#### [Instructions to follow]
Copy out exactly, from the entries that follow, the line holding "Sharda Creation Green", the line holding "Funny cat tote", and all lines between them, but no pictures.

#### [The input]
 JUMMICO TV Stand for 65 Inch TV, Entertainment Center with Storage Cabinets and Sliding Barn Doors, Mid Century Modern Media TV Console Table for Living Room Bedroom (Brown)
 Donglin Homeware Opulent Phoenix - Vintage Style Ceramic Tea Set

* * *

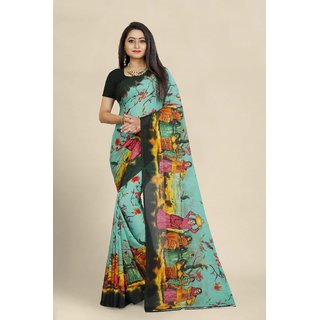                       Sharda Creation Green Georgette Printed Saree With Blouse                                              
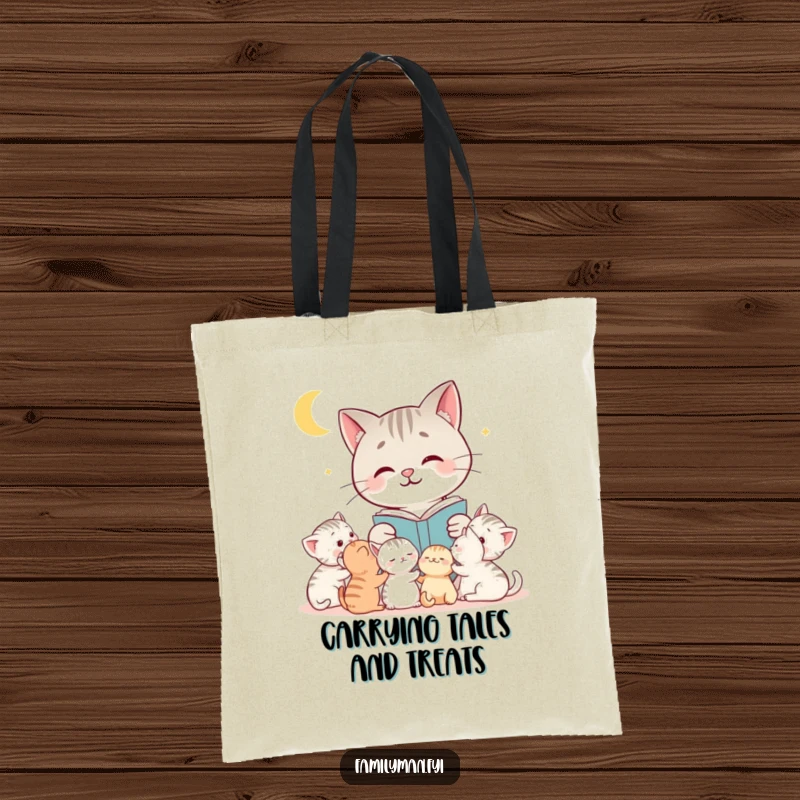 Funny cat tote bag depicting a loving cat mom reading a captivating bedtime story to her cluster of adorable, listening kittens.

#### [Answer space]
                       Sharda Creation Green Georgette Printed Saree With Blouse                                              
 Funny cat tote bag depicting a loving cat mom reading a captivating bedtime story to her cluster of adorable, listening kittens.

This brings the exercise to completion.